In the records below, find the line with "Hotel Del Rio" and repeat exactly every line from it through the line with "Omoda Omoda 9". Pictures stay out.

> **Data under study**:
★ ★ ★ ★

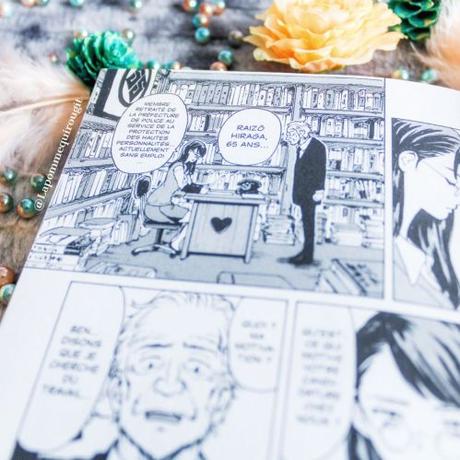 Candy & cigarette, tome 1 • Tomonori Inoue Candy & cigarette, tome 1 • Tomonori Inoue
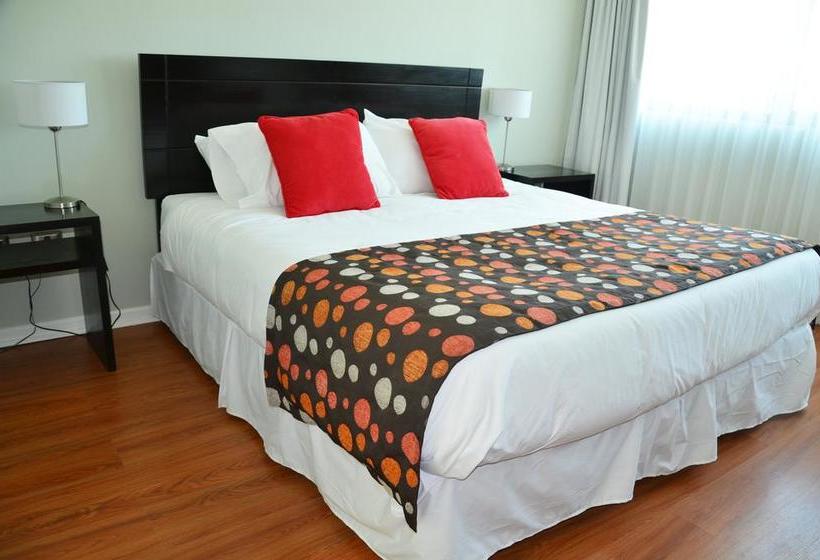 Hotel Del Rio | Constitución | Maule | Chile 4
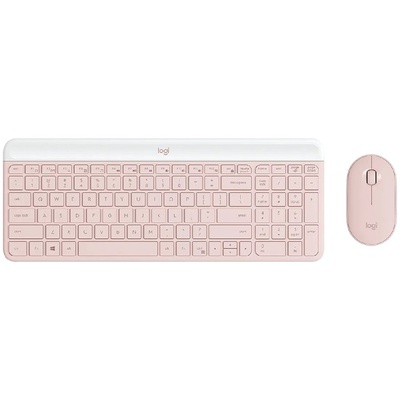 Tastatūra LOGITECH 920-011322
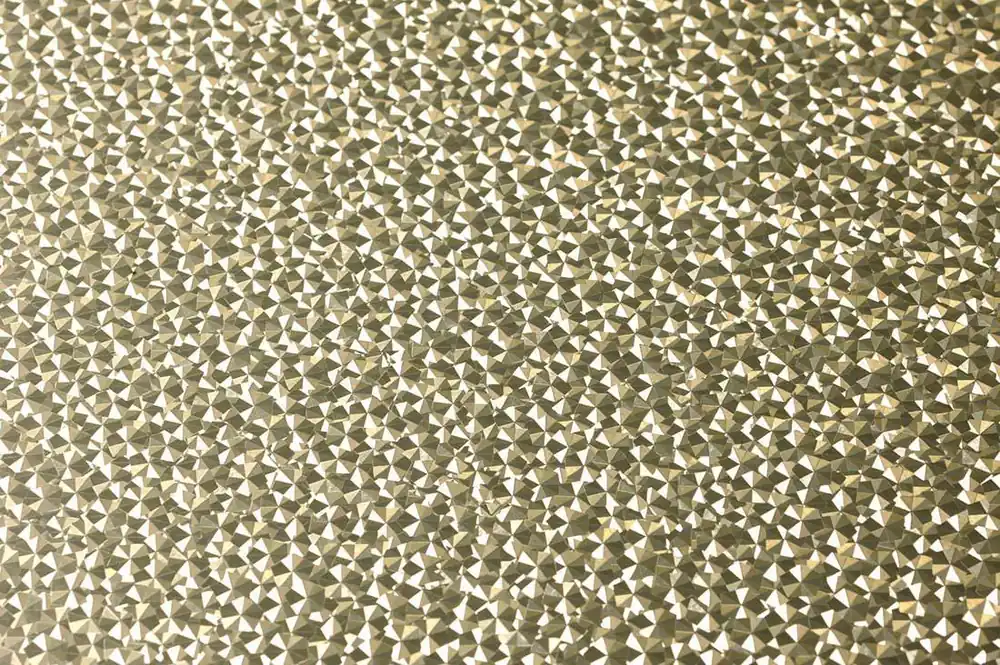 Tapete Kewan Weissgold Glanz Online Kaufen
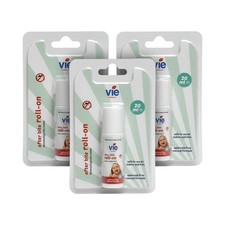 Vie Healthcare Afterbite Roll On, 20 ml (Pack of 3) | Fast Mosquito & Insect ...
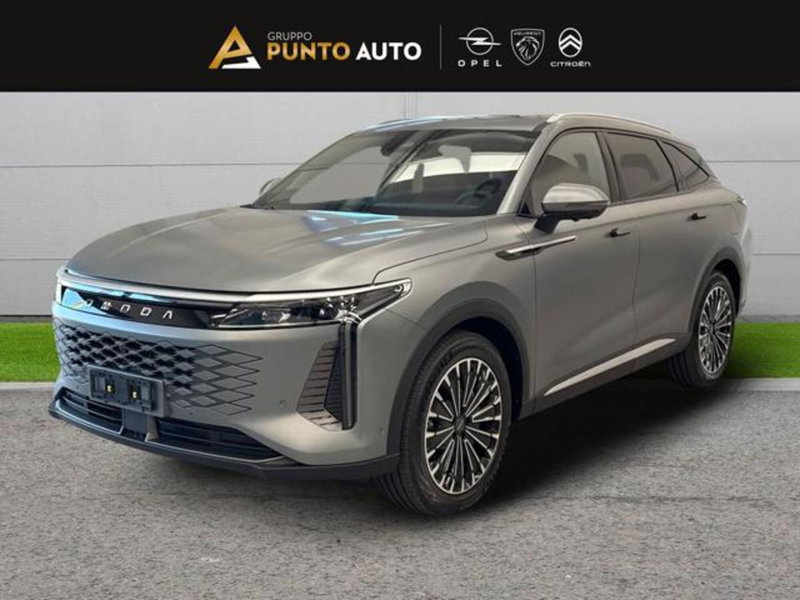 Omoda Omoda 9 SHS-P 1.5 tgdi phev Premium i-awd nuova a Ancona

★ ★ ★ ★

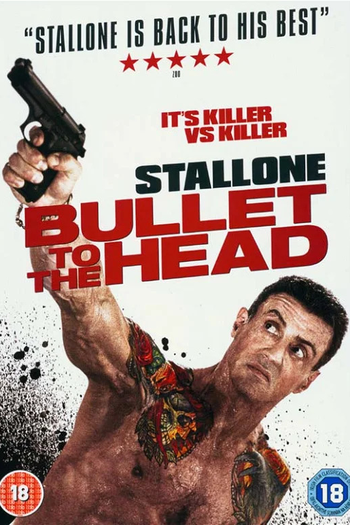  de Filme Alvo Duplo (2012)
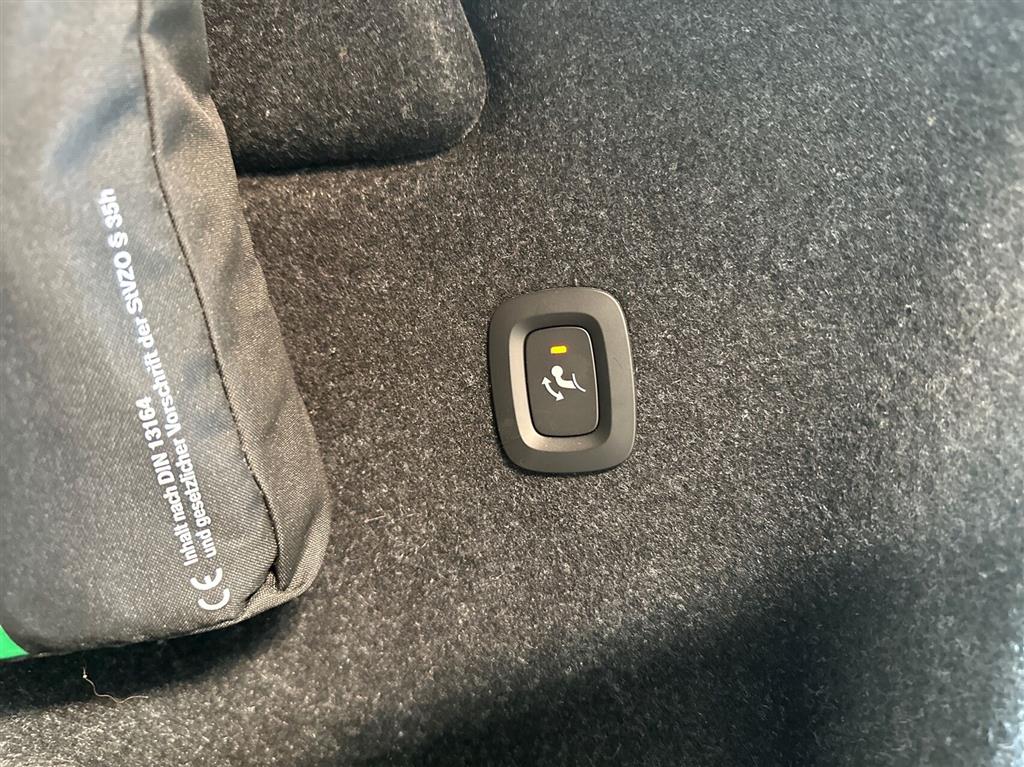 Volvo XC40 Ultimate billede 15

★ ★ ★ ★

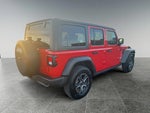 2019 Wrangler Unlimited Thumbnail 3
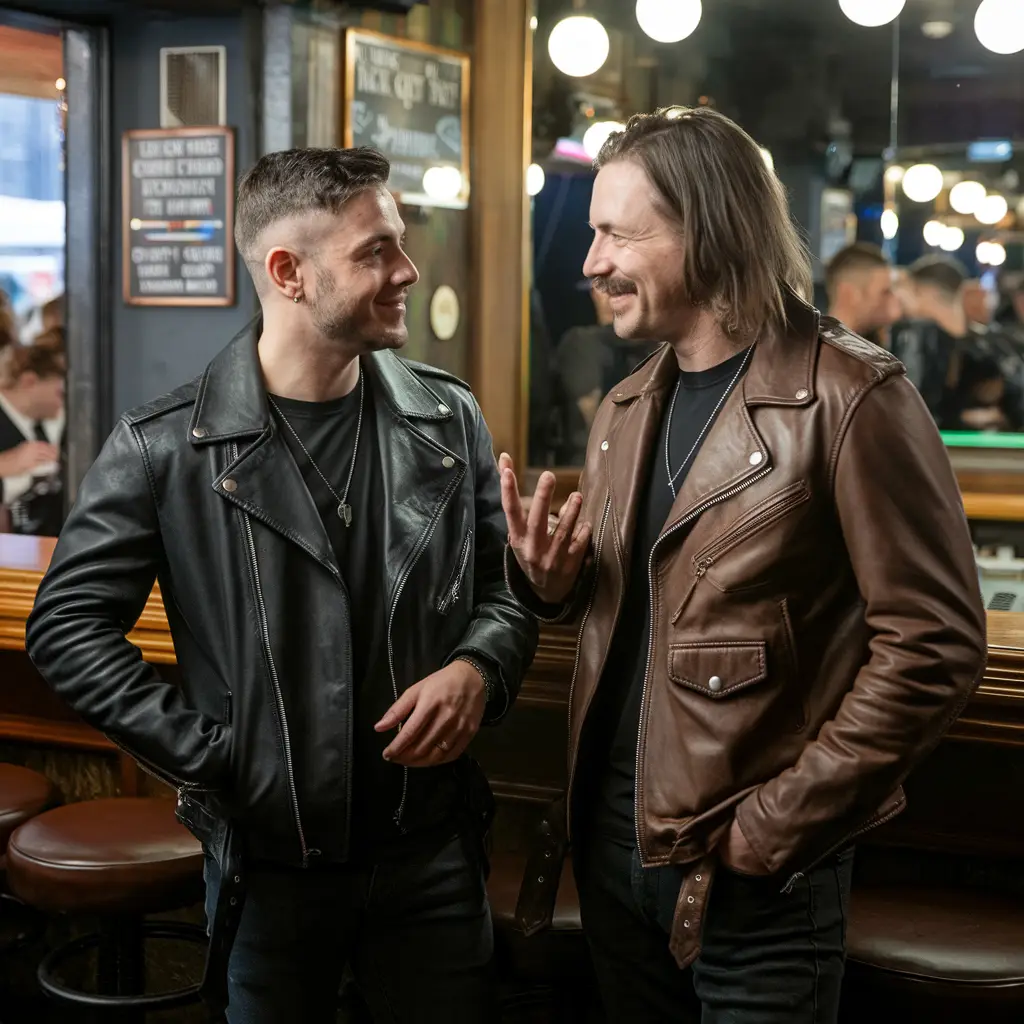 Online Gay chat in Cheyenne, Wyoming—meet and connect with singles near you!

★ ★ ★ ★

> **Task result**:
 Hotel Del Rio | Constitución | Maule | Chile 4
 Tastatūra LOGITECH 920-011322
 Tapete Kewan Weissgold Glanz Online Kaufen
 Vie Healthcare Afterbite Roll On, 20 ml (Pack of 3) | Fast Mosquito & Insect ...
 Omoda Omoda 9 SHS-P 1.5 tgdi phev Premium i-awd nuova a Ancona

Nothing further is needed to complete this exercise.